What makes a female marine crustacean "swipe right" on a prospective mate? If she's Dulichiella appendiculata — a tiny relative of the sand-hopping beach flea — she's impressed by the size of the male's enlarged right front claw, which is significantly bigger than its left one.
And she definitely prefers righties to lefties.
Scientists have investigated the mating success of right-clawed D. appendiculata males versus their left-clawed rivals, and found that righty males attracted more females. But lefties were found to be more solitary than righties, with a tendency to disperse into more habitats. And moving into a territory where there's less competition increased their chances of finding a willing female, the scientists found. [In Images: The Menagerie of Tiny Alienlike Creatures Under the Sea]

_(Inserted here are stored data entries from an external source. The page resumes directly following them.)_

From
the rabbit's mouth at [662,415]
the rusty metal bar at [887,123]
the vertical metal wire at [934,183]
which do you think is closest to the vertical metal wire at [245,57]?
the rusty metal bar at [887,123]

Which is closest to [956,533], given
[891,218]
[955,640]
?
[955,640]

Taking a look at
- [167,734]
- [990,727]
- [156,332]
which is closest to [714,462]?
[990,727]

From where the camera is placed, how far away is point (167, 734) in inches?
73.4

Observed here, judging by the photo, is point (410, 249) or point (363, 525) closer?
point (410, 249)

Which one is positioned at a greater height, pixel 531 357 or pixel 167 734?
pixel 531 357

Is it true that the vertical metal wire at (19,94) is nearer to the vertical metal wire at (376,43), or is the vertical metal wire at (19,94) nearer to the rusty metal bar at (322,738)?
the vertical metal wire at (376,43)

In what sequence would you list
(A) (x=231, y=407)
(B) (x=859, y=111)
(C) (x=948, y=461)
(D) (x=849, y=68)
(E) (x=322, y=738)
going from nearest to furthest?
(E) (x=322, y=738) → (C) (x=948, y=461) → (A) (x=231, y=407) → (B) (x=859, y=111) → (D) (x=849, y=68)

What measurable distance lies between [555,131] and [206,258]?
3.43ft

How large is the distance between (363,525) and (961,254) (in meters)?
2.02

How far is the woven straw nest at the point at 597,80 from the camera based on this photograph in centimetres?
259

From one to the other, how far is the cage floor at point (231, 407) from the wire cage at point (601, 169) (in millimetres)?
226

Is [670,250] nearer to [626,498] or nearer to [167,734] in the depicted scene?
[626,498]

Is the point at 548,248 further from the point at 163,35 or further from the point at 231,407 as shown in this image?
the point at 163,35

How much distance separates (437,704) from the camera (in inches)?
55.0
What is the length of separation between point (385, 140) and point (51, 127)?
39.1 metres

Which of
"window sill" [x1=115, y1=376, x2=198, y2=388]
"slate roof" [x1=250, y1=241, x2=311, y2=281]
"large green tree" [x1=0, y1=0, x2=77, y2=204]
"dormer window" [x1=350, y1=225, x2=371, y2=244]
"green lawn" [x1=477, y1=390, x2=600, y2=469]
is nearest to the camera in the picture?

Study lead author Pablo Munguia, an ecologist and evolutionary biologist at the University of Adelaide's School of Biological Sciences, told Live Science in an email that he "bumped into" this heavy-handed species while studying reef diversity in Florida for his doctoral dissertation. Munguia was captivated by the peculiar asymmetrical claws, which were present only in males. But it wasn't until more than a year later that he realized that there were "righties" and "lefties" in D. appendiculata populations, and that this might be linked to mating prowess.
Looking for a right-hand man
D. appendiculata is a type of amphipod — a flattened and shell-less crustacean — that lives on reefs or hard structures like shells, and measures about 0.2 to 0.24 inches (5 to 6 millimeters) in length.
And in relation to its body size, one of the male's two claws is enormous.
"The claw can be 2 to 3 millimeters (0.08 to 0.12 inches) long," Munguia told Live Science. "To put it in perspective, it is 20 to 30 percent of the length of the adult male," he said. This kind of dramatic asymmetry is rare in animals, the study authors reported.
The claws grow as the male matures, Munguia said. Juveniles are miniature versions of the adult forms, and their bodies — and the males' claws — get bigger with every molt. In addition, the claw takes on its distinctive ax-like shape over time. It's not yet known at what age D. appendiculata becomes sexually mature, though Munguia said that other closely related species reach sexual maturity about a month after hatching.
"When males reach approximately 3 millimeters [in length], one can tell whether the individual is becoming a righty or a lefty," Munguia said.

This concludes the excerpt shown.